Confusion at Bethesda Naval Hospital
When Air Force One arrived at Andrews Air Force Base in Washington, the coffin was quickly unloaded and placed in a gray Pontiac navy ambulance to convey it, with Jacqueline and Bobby Kennedy, to the Bethesda Naval Hospital. A helicopte
r departed the area shortly thereafter even though it was never officially acknowledged as having any role in the operation—although the use of helicopters to convey the coffin to Walter Reed Hospital had been discussed by military officers in Washington with others on board Air Force One as it flew back from Dallas. In a memo dated October 17, 1995, former AARB investigator Doug Horne (now researcher/author, as previously noted) wrote Jeremy Gunn, the gèneral counsel for the AARB, summarizing his findings from a review of the recordings; excerpts of that memo follow:113
• Onboard Air Force One on the return flight to Washington, Secret Service Agent Kellerman, and later General Ted Clifton (Military Aide to the President) make it clear that their desire is for an ambulance and limousine to take President Kennedy’s body to Walter Reed General Hospital for autopsy “under guard … ,” as specified by General Clifton.
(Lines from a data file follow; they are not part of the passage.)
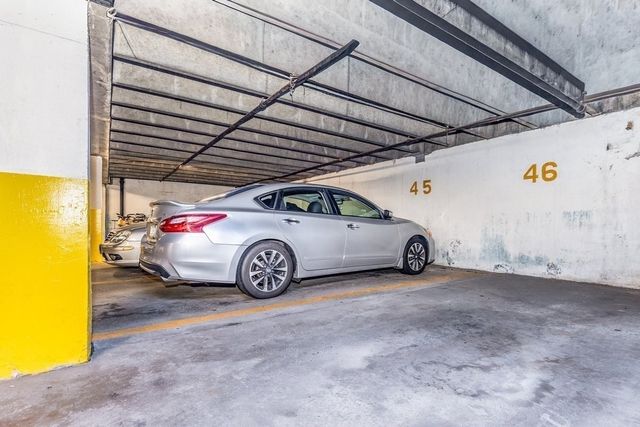300 Lynn Shore Drive 811, Lynn, MA 01902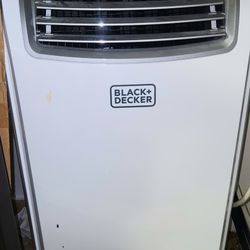 12,000 BTU Black N Decker Air Conditioner/ Heater 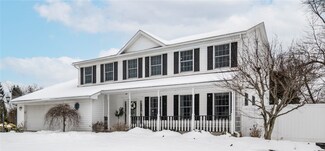 3118 Pearl Dr, New Castle, PA 16105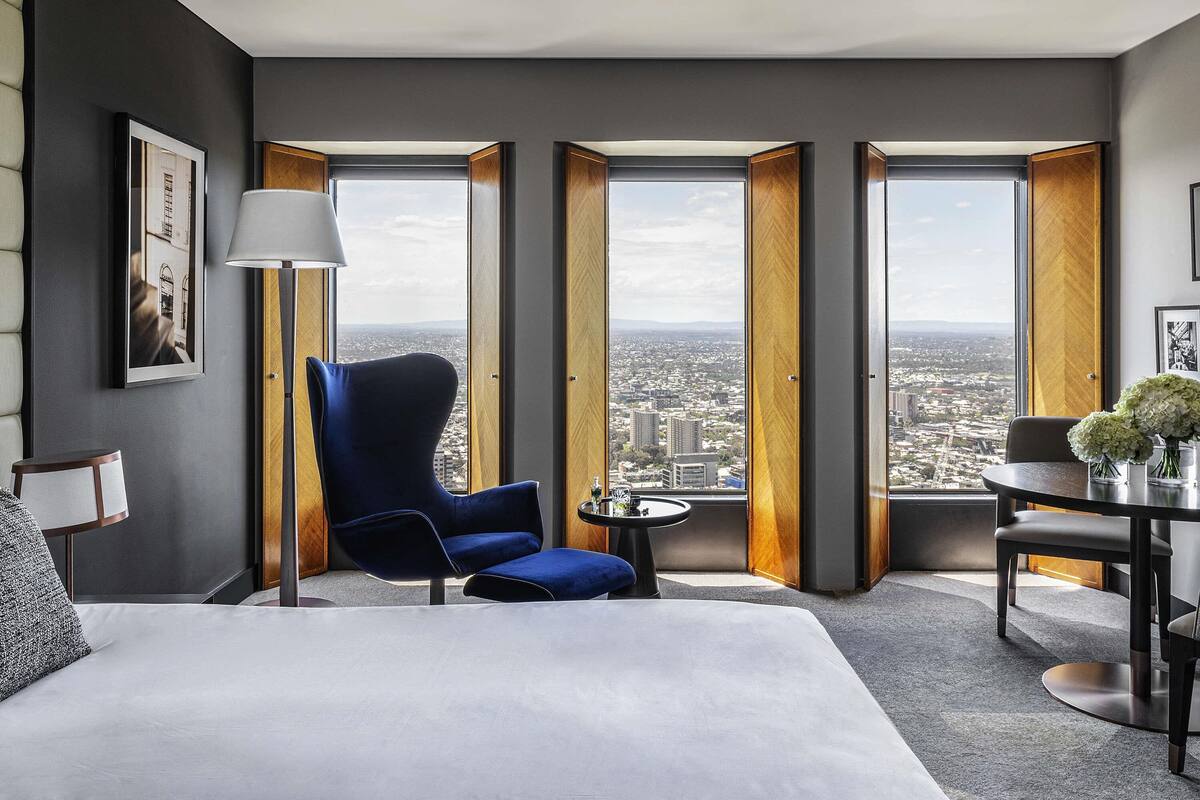 Superior Room, 1 King Bed, City View | Premium bedding, pillowtop beds, minibar, in-room safe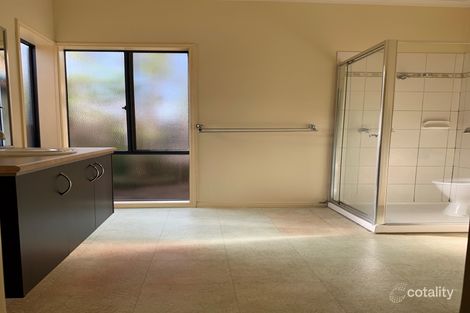 Property photo of 16 Lewiston Drive Point Cook VIC 3030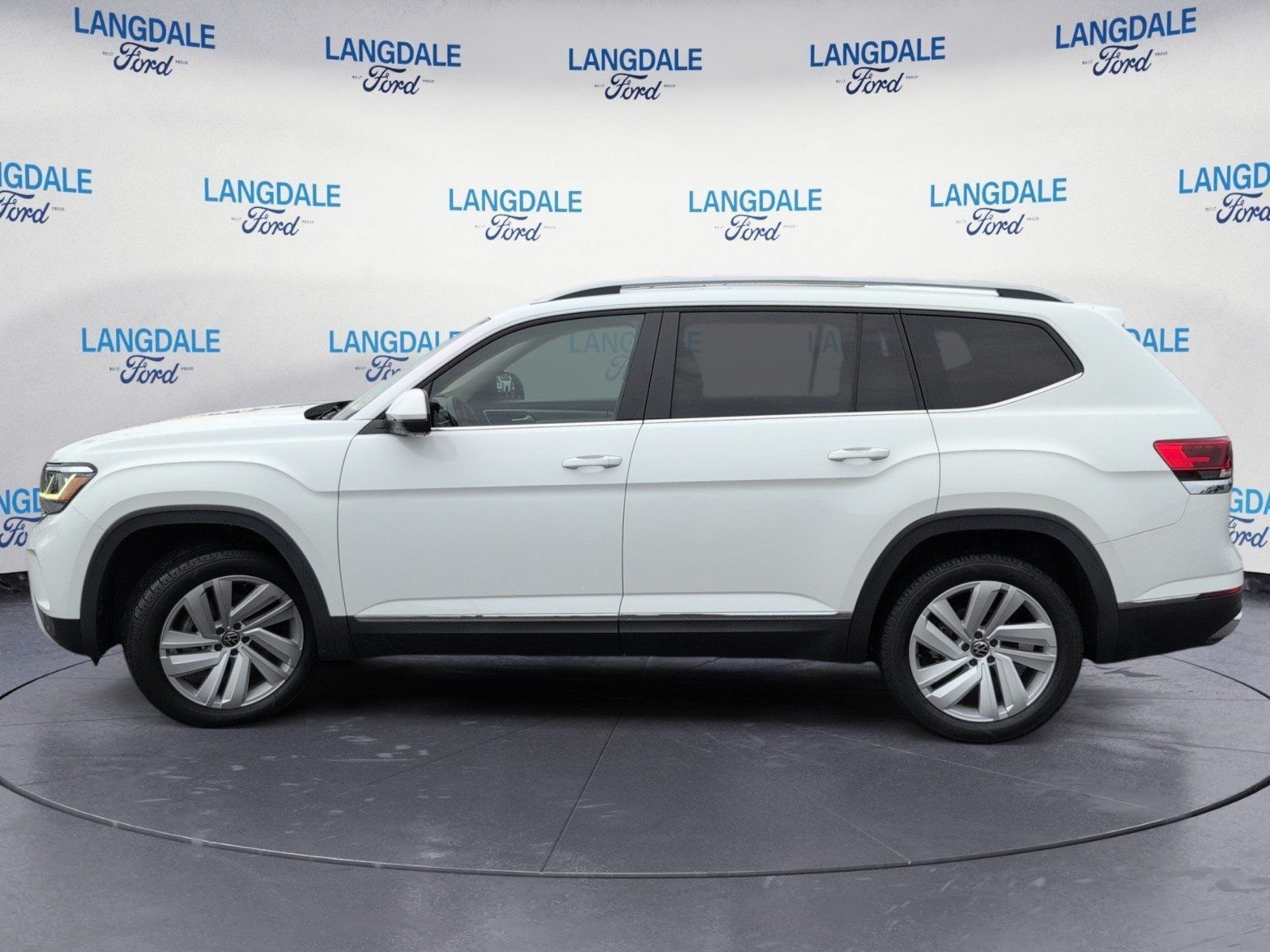 Used 2021 Volkswagen Atlas SEL FWD image 10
Gerald Behn, Head of the White House Secret Service Detail, counters that a helicopter has been arranged to take the president’s body to the National Naval Medical Center at Bethesda for autopsy, and that all other personnel will be choppered to the South Grounds of the White House.
• Ultimately, the president’s physician, Admiral George Burkley (on Air Force One), sides with Gerald Behn (at the White House) in support of a Bethesda autopsy and persuades the Surgeon General of the Army, General Heaton (in Washington) to cancel arrangements for a Walter Reed autopsy.